THE PROBLEM ->
Take the listing below and print exactly the lines starting at the line containing "Modelo de Encarte" and ending at the line containing "Heygelo S60 Drones", both ends included, and no others.

AVAILABLE RECORDS ->
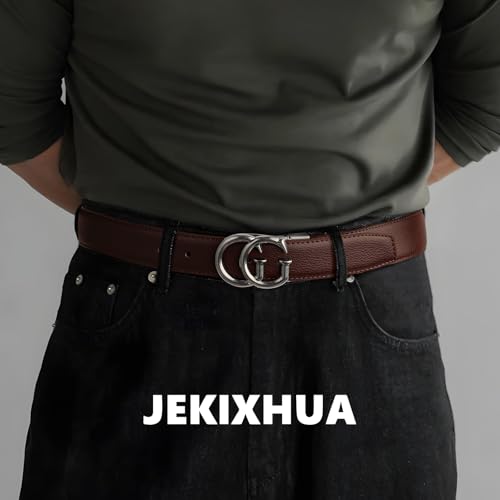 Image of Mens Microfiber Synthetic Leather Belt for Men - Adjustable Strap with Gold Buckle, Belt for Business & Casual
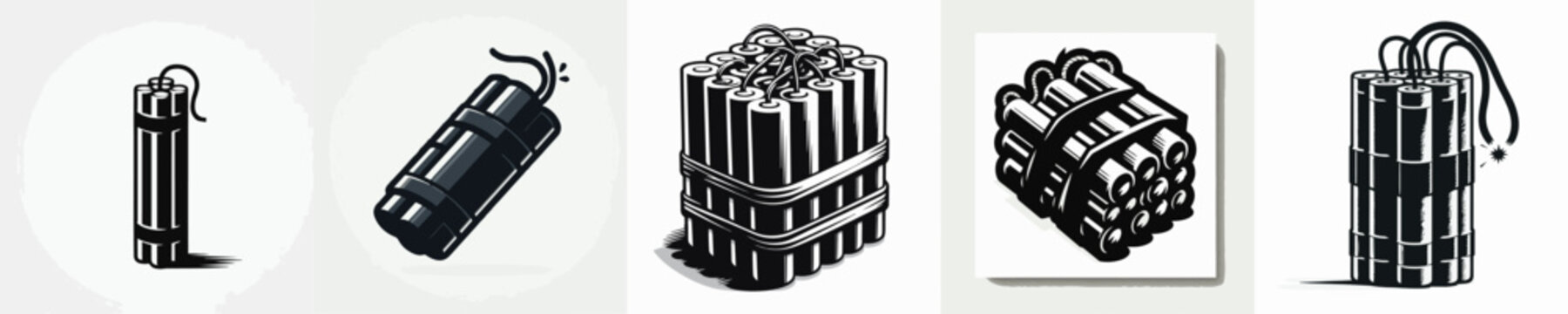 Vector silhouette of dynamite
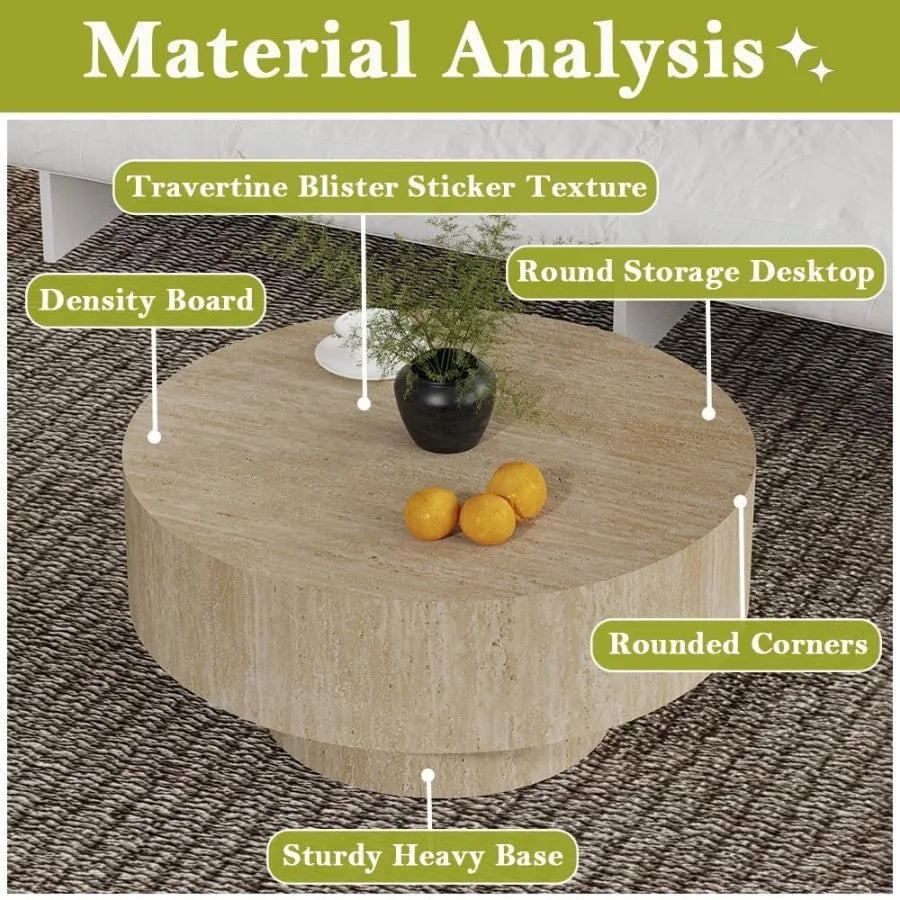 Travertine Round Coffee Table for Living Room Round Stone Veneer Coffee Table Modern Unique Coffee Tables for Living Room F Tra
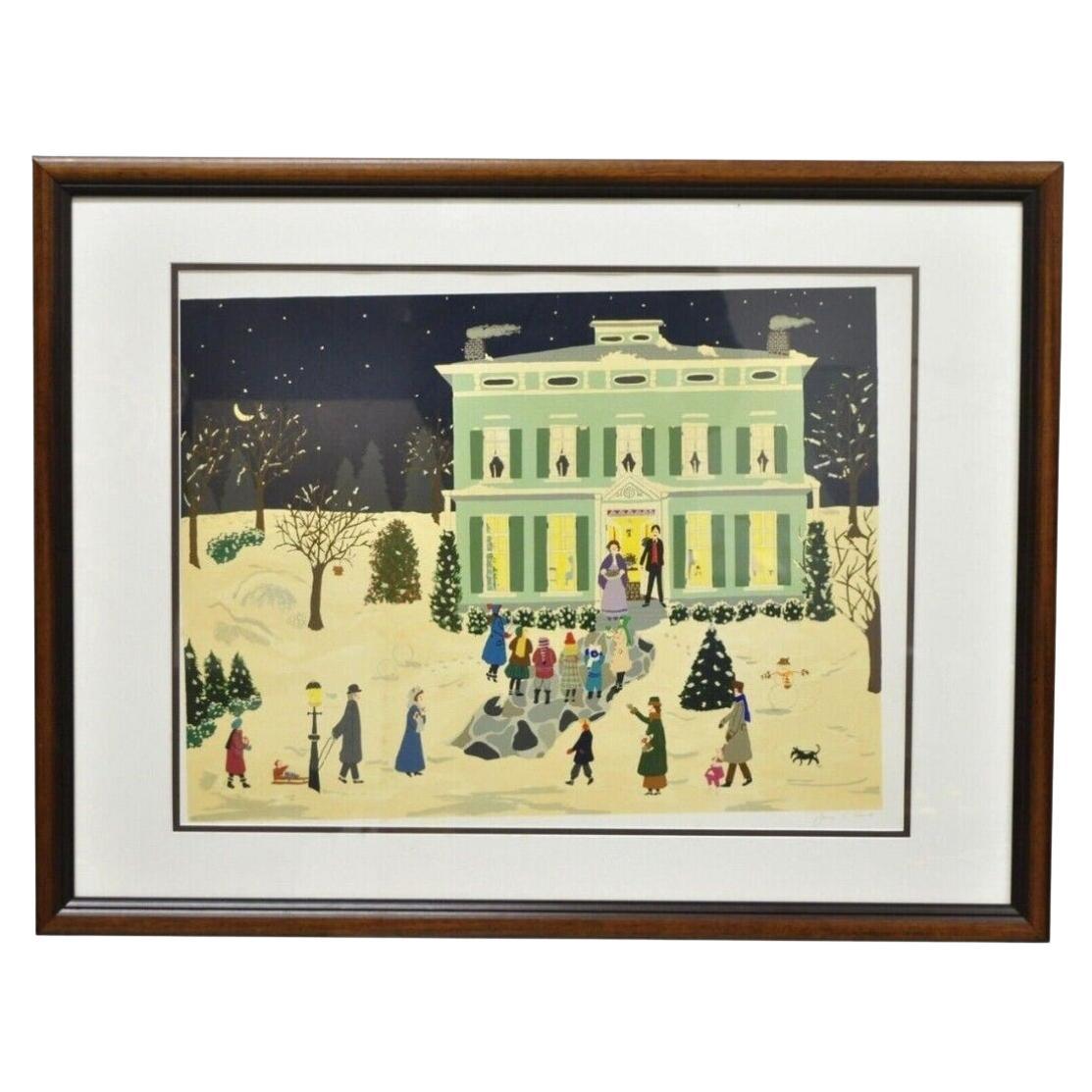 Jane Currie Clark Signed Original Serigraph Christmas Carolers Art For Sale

==

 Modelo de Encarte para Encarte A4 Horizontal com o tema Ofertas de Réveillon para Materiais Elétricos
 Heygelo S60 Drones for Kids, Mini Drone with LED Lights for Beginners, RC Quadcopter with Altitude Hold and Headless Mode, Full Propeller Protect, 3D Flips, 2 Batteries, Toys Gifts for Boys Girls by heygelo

REPLY ->
 Modelo de Encarte para Encarte A4 Horizontal com o tema Ofertas de Réveillon para Materiais Elétricos
 Heygelo S60 Drones for Kids, Mini Drone with LED Lights for Beginners, RC Quadcopter with Altitude Hold and Headless Mode, Full Propeller Protect, 3D Flips, 2 Batteries, Toys Gifts for Boys Girls by heygelo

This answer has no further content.